J’ai déjà parlé de mes cousins chinois. Cousins qui n’en sont pas, pas plus qu’ils ne sont chinois. C’est moi qui. Au vrai, ce sont des amis d’enfance. Seuls leurs grands-parents ou arrières sont d’origine asiatique (langage usuel). Ici depuis des lustres. Arrivés aux alentours de la Grande Guerre. Ouvriers chinois recrutés par les Anglais pour travailler dans des camps du côté du Madrillet. Puis restés. Tous ou à peu près d’une même grande fratrie, à l’origine danseurs de corde ou marionnettistes, gens de cirque. Enfin, d’après ce que ma mère et mon père racontaient.

Comment, pourquoi, ils recrutèrent d’autres chinois. Montèrent une troupe et firent de la scène. Ce fut le Théâtre des Kaïtouns. Mes parents financèrent, ma mère faisait les costumes. Je dois encore avoir des affiches et des prospectus. Il faudrait retrouver et écrire ce qu’il en fut. Un théâtre chinois à Rouen ? Admettons. Tout ça loin et personne n’ira vérifier.

On se voit une ou deux fois l’année. Souvent à Pâques, allez savoir pourquoi. Ils habitent sur la rive gauche, Saint-Étienne du Rouvray. Un quartier et des rues sans nom sinon ceux aviateurs autrefois célèbres. On s’en doute, les acrobates pékinois sont morts depuis longtemps. Leurs enfants aussi. Seule subsiste une vieille dame (elle a passé les quatre-vingt-dix) et des gens nommés Michel, François ou Lucette. Encore d’autres, enfants plus jeunes et alliés que je ne connais plus. J’en suis à ne pas distinguer les âges et les alliances. Au contraire du notre, ce monde est moins en moins chinois.

Tout ça pour dire que je ne me suis pas ennuyé ce dimanche de Pâques. J’ai pris le Metro. Oncle, vous descendrez à Ernest Renan. On viendra vous chercher. J’étais chargé d’œufs en chocolat et de lapins enrubannés. Voulant épater mon monde, je suis allé chez Beyer, rue Grand-Pont (ça vient de changer).

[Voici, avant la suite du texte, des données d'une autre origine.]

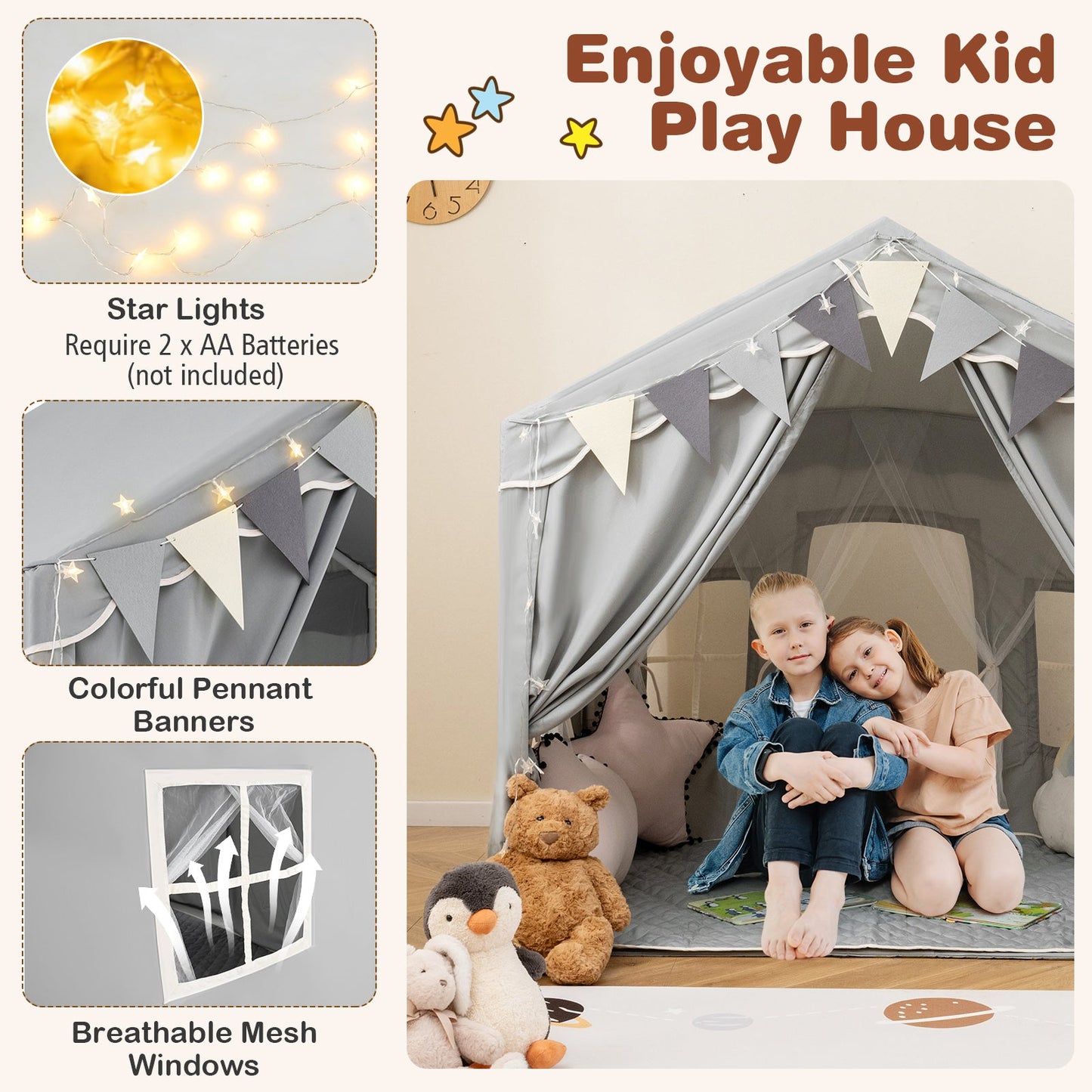3-4 Kids Large Play Tent House with 2 Opening Doors and Star Lights-Gray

Peine perdu pour mon snobisme : les plus jeunes ont dévasté mes œufs garnis en trois-quarts de temps. Le souvenir du sac du Palais d’Été, sans doute !

Conversation épuisante, vieilles photos et neufs films de vacances qu’on me passe sur l’immense téléviseur. Sans son, ce qui laisse une impression étrange. L’ancêtre, elle, jacasse à tort et à travers. Ancienne receveuse des tramways de Rouen, elle regrette le temps des traminots. Ignore le Metro qu’elle juge n’en être pas un. Elle est du temps des petits tickets vendus par carnet ou à la pièce, tout ce qui justifiait sa place au milieu. De même génération, on s’arrange pour nous réunir. Je note au passage que, pour son âge, elle lève bien le coude.

Voulez-vous la question à laquelle il n’a pas été répondu ? Ne fallait-il pas deux tickets pour aller de la place de l’Hôtel de Ville à la place Cauchoise ? Vous dire le numéro, aucune idée. Le 2, il me semble. Je suis rentré (pas tard, j’avais un prétexte) avec un sac de barquettes de riz, de rouleaux de printemps et de porc grillé au caramel. Si je n’en ai pas pour un mois, c’est tout comme.